Indeks massa tubuh (IMT) adalah ukuran sederhana dan umum yang menggabungkan tinggi dan berat badan seseorang untuk menilai bentuk tubuh seseorang. Indikator ini semakin mendapat perhatian dalam masyarakat modern. Namun, hanya sedikit orang yang mengetahui asal usul IMT dan logika matematika di baliknya. IMT lahir dari karya matematikawan Belgia Adolphe Quetelet pada pertengahan abad kesembilan belas, yang mengabdikan diri untuk menggunakan matematika guna menggambarkan fenomena sosial.
Quitler percaya bahwa melalui konsep "cita-cita sosial", orang dapat menggunakan matematika untuk mengeksplorasi dan memahami perilaku sosial dan hukum di baliknya.
Karya Quieter berfokus pada pengembangan konsep "pria rata-rata" dan penggunaan teori ini untuk menyimpulkan tipe tubuh ideal. Tujuannya bukanlah untuk menetapkan IMT untuk penilaian medis, tetapi untuk menemukan cara mengukur "cita-cita sosial" ini. Poin ini terus diperluas dan dikembangkan dalam penelitian selanjutnya, yang akhirnya membentuk BMI saat ini dan menjadi indikator kesehatan masyarakat yang penting.
Pada tahun 1972, Ancel Keys secara resmi memperkenalkan nama BMI dan mulai digunakan secara luas. Keys menunjukkan bahwa meskipun BMI tidak sempurna, setidaknya BMI merupakan indeks obesitas relatif dan sama efektifnya dengan indeks berat badan lainnya. Karena kemudahan menghitung BMI, BMI dengan cepat menjadi alat yang digunakan oleh dokter untuk menilai berat badan pada awalnya.
"Penggunaan BMI dalam kesehatan masyarakat telah menjadi populer, dan memungkinkan kita untuk berbicara dengan pasien tentang masalah berat badan mereka dengan lebih cepat."
BMI membagi orang dewasa ke dalam berbagai rentang nilai: berat badan kurang (kurang dari 18,5), berat badan normal (18,5 hingga 24,9), berat badan berlebih (25 hingga 29,9), dan obesitas (30 ke atas). Namun, seiring dengan semakin populernya penggunaan alat ini, semakin banyak penelitian yang menunjukkan keterbatasannya. Misalnya, BMI tidak dapat menilai rasio otot terhadap lemak seseorang secara akurat, yang khususnya terlihat pada atlet.

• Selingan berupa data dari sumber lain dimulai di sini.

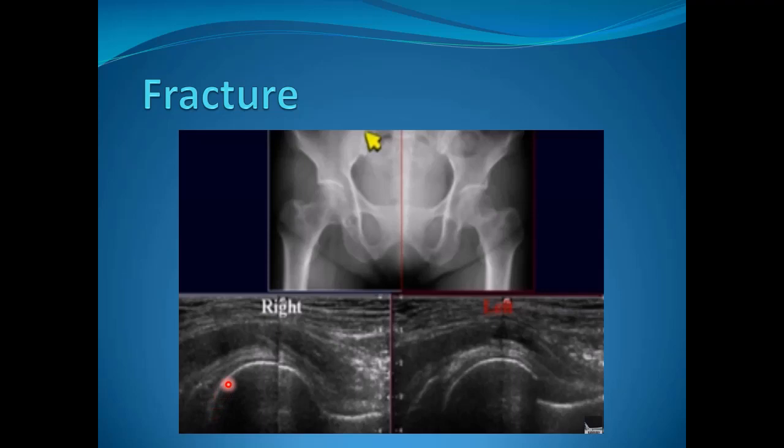Fractures can also be seen by ultrasound. On the right side, we see the normal appearance of the head and neck, while on the left side there is a clear defect in the cortex denoting a fracture. On X-ray, we can confirm a transcervical fracture.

Atlet sering kali memiliki BMI yang lebih tinggi karena massa ototnya yang lebih besar, jadi mengandalkan BMI semata untuk menilai masalah berat badan jelas tidak cukup.
Menurut pedoman Organisasi Kesehatan Dunia (WHO), terdapat perbedaan geografis dan ras dalam standar BMI. Persentase lemak tubuh tidak hanya bervariasi antara kelompok etnis yang berbeda, tetapi bahkan subkelompok yang berbeda dari kelompok etnis yang sama mungkin memiliki risiko kesehatan yang berbeda pada nilai BMI tertentu. Misalnya, di antara orang Asia, batas BMI yang sehat seringkali relatif rendah, dan beberapa negara seperti Singapura bahkan telah menetapkan standar BMI yang lebih terarah.
Meskipun BMI merupakan indikator dengan aplikasi yang luas, berbagai keterbatasan yang menyertainya secara bertahap muncul. Misalnya, BMI tidak memperhitungkan faktor-faktor seperti ukuran tubuh, massa otot, dan usia seseorang, yang mempersulit penerapannya pada individu yang berbeda. Dalam beberapa kasus, BMI yang tinggi mungkin tidak berarti tidak sehat, tetapi mungkin menyembunyikan vitalitas yang lebih besar.
Sebagian besar pakar memperingatkan bahwa BMI hanyalah salah satu aspek kesehatan dan tidak boleh terlalu diandalkan untuk menilai kesehatan pribadi.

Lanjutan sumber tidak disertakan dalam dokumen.